(What is needed) Give back, exactly and with nothing else, the lines running from the one that contains "this 640×480 image." to the end of the entries below; do not include pictures.

(Task data)
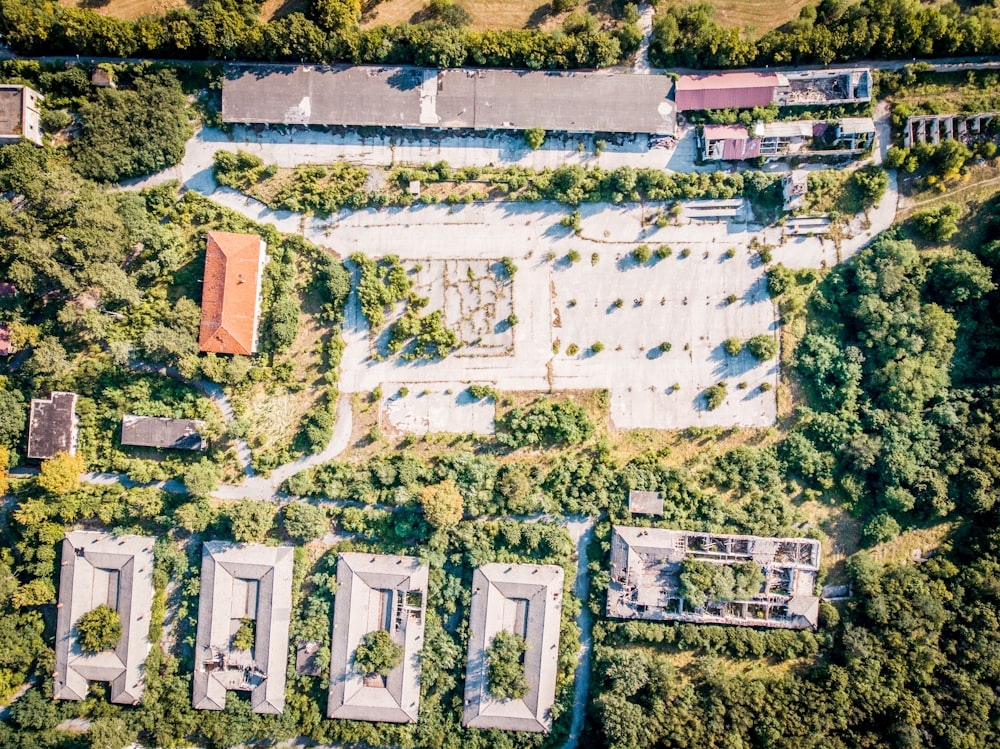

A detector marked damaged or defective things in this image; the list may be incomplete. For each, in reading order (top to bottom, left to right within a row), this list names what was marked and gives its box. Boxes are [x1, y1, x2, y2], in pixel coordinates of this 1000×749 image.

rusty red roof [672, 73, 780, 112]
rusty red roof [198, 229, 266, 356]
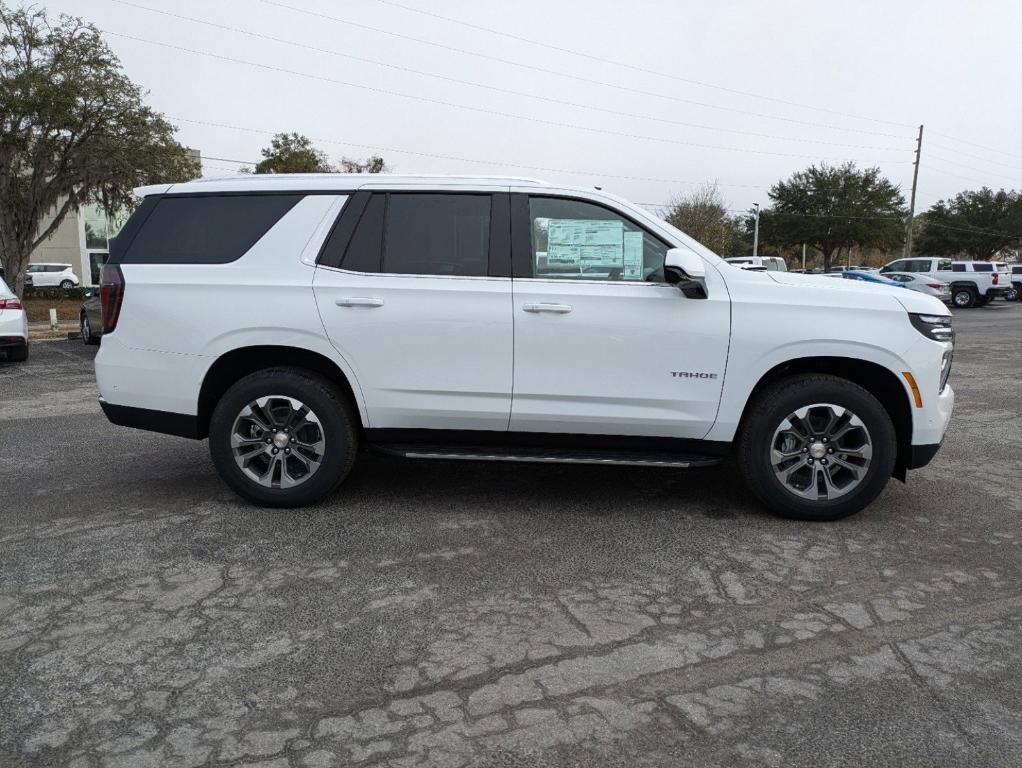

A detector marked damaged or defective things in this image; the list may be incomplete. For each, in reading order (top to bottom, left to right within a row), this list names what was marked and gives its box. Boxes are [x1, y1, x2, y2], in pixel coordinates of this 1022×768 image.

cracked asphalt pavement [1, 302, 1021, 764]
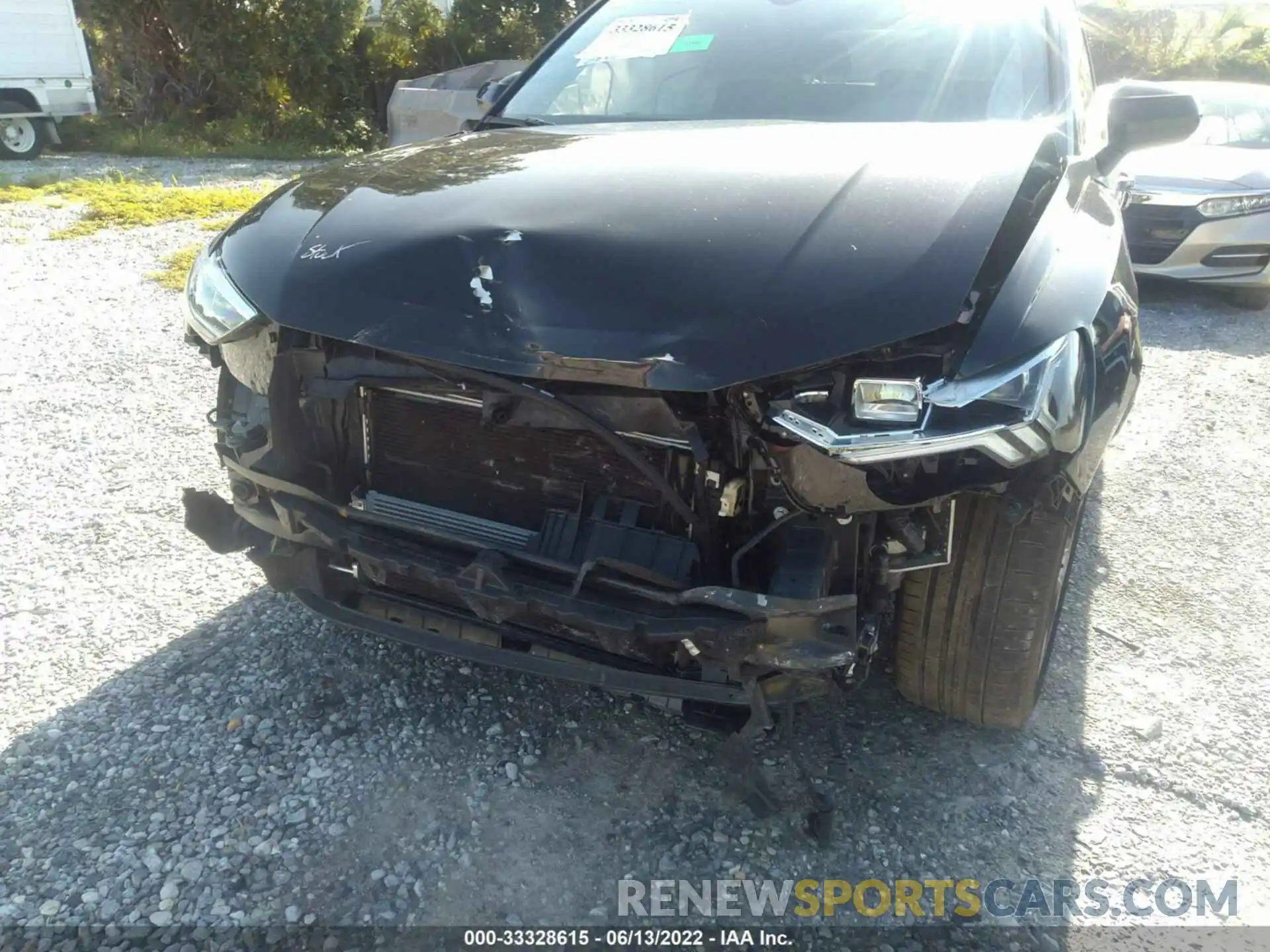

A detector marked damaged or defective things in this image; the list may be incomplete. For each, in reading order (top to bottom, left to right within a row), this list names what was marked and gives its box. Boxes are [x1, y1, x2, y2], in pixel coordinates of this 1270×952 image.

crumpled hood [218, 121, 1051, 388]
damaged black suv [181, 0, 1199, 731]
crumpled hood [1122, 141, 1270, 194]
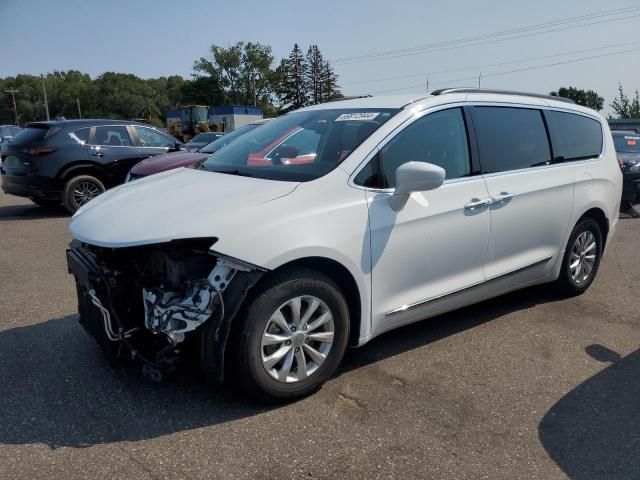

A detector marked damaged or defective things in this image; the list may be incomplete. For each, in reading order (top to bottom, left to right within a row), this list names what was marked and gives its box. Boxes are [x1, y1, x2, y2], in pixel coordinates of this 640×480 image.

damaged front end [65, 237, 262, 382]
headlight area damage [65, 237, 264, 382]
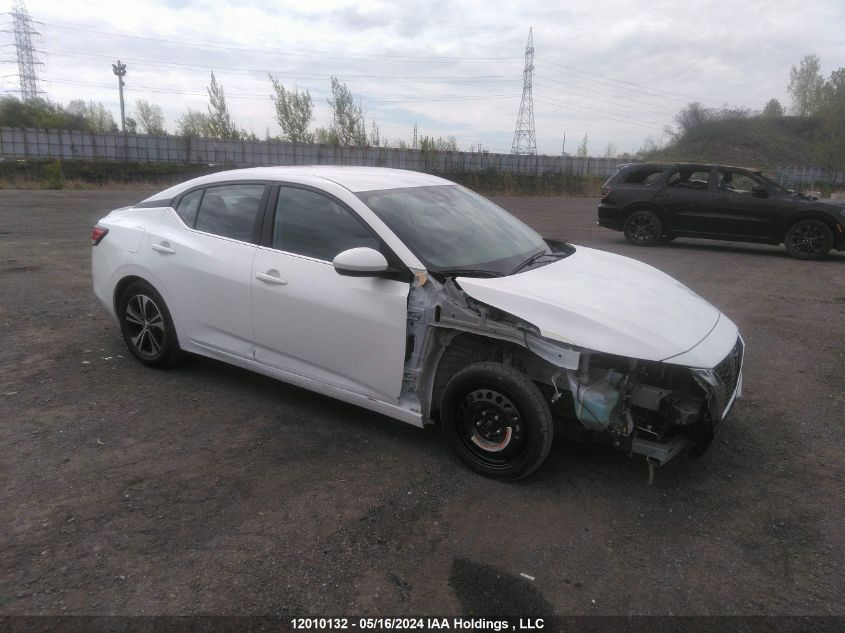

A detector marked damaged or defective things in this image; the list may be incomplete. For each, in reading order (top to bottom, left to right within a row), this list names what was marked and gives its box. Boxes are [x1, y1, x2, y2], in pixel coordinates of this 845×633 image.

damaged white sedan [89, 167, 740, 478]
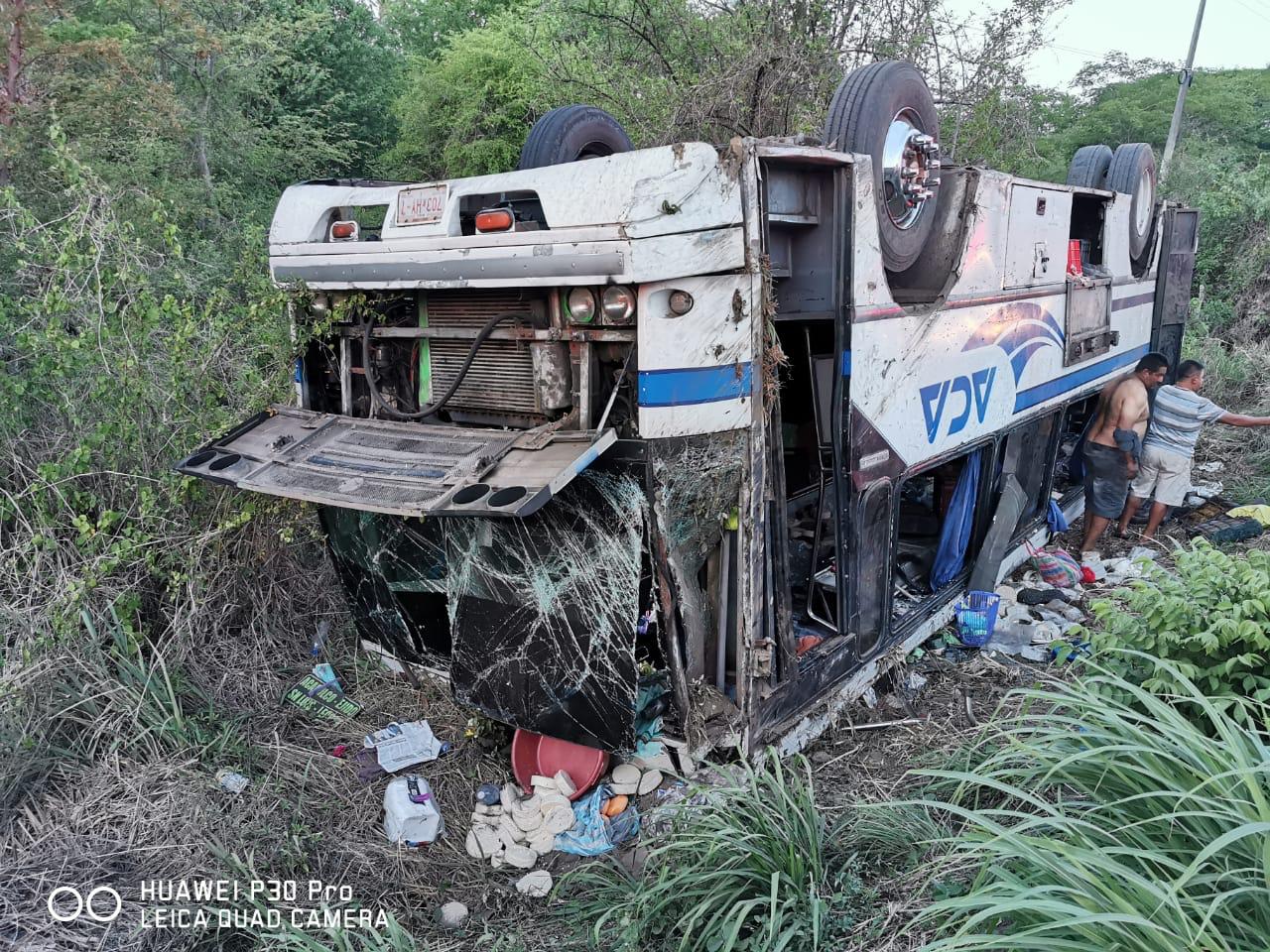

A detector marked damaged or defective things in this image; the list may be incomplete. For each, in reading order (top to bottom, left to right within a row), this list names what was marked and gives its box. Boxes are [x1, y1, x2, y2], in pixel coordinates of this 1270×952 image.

(Response for this exercise)
A detector marked damaged or defective things in this image; the list may be incomplete. For each, in reading order (top to bottom, left to right within a row), this list names what was marked and gives its box. Boxes are [x1, y1, x2, y2], in pixel coordinates of this 640×480 image.

damaged front end [65, 237, 262, 382]
headlight area damage [65, 237, 264, 382]

A detector marked damaged or defective things in this image; the list may be incomplete. For each, in reading order (top to bottom, left to right within a row), this list names what was marked and gives its box. Boxes are [x1, y1, x2, y2], in pixel coordinates of this 845×633 image.

damaged white sedan [89, 167, 740, 478]

A detector marked damaged or defective things in this image; the list may be incomplete. For each, in reading order (top to bottom, left to right within a row), this list names what was marked and gives its box. Boxes are [x1, y1, x2, y2], in pixel coordinates of this 1270×952 image.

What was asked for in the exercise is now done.